§ Exercise goal
Word for word, restate the lines of the data from the first through the one containing "Multi Outlet Domestic", and nothing else.

+-------+

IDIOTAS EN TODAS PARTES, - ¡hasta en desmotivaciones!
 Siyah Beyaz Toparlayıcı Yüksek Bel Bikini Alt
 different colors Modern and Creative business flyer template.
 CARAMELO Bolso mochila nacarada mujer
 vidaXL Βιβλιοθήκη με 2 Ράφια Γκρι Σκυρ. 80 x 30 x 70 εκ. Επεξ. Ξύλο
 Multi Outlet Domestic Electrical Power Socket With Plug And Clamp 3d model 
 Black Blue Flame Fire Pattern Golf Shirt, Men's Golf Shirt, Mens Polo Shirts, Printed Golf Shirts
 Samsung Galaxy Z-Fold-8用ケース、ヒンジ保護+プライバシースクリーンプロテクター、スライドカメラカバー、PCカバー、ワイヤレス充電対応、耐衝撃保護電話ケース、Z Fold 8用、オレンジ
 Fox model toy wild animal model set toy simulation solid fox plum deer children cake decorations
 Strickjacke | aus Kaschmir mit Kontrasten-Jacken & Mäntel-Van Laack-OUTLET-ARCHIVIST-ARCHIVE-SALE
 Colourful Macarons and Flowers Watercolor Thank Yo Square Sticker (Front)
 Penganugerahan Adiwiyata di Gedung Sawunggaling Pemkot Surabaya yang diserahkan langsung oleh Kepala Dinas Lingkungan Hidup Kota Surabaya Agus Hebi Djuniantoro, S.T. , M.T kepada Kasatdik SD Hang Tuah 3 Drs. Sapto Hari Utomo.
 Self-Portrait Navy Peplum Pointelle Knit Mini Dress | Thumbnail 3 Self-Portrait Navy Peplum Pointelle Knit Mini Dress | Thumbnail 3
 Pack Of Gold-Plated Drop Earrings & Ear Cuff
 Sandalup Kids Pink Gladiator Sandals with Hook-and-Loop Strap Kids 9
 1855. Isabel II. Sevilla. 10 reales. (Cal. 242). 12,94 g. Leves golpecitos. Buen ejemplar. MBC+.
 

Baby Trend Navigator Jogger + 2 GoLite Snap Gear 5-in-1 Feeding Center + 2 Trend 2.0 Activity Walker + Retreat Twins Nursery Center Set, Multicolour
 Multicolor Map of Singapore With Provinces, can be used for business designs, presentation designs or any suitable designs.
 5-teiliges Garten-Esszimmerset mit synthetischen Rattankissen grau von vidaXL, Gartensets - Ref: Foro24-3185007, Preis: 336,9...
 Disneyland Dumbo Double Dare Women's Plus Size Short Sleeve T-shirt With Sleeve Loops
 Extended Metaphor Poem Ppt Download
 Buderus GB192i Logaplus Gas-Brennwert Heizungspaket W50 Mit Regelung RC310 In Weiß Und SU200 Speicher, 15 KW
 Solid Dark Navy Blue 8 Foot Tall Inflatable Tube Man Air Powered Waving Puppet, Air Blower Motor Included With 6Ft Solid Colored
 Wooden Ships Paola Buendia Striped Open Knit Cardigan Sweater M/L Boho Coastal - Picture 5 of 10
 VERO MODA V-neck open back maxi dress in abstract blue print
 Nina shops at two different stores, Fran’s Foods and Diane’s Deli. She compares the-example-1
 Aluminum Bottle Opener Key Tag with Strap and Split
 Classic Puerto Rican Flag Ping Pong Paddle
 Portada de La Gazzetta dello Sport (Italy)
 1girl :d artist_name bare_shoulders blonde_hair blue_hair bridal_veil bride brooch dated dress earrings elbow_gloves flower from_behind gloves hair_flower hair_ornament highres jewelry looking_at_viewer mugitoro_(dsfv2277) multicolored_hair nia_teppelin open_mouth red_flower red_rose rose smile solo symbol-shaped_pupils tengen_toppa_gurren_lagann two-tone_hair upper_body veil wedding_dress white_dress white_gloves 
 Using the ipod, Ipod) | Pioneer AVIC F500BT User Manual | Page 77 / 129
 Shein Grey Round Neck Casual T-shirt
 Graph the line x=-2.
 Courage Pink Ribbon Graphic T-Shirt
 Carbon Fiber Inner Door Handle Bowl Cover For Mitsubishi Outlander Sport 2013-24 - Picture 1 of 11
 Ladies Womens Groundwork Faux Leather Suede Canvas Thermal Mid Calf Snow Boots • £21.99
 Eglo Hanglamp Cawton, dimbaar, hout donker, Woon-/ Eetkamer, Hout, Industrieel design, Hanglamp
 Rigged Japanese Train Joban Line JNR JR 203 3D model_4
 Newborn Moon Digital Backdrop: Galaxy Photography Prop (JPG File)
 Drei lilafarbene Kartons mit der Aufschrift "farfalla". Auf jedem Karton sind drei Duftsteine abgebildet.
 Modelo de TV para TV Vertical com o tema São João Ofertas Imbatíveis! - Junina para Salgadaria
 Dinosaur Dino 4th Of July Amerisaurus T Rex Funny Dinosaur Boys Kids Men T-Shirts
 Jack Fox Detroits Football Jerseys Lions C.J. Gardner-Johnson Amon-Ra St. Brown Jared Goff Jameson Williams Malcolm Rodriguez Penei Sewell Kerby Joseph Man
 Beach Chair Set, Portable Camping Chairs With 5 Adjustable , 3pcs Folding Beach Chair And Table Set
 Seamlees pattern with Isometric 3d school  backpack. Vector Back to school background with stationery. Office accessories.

+-------+

§ Result
IDIOTAS EN TODAS PARTES, - ¡hasta en desmotivaciones!
 Siyah Beyaz Toparlayıcı Yüksek Bel Bikini Alt
 different colors Modern and Creative business flyer template.
 CARAMELO Bolso mochila nacarada mujer
 vidaXL Βιβλιοθήκη με 2 Ράφια Γκρι Σκυρ. 80 x 30 x 70 εκ. Επεξ. Ξύλο
 Multi Outlet Domestic Electrical Power Socket With Plug And Clamp 3d model 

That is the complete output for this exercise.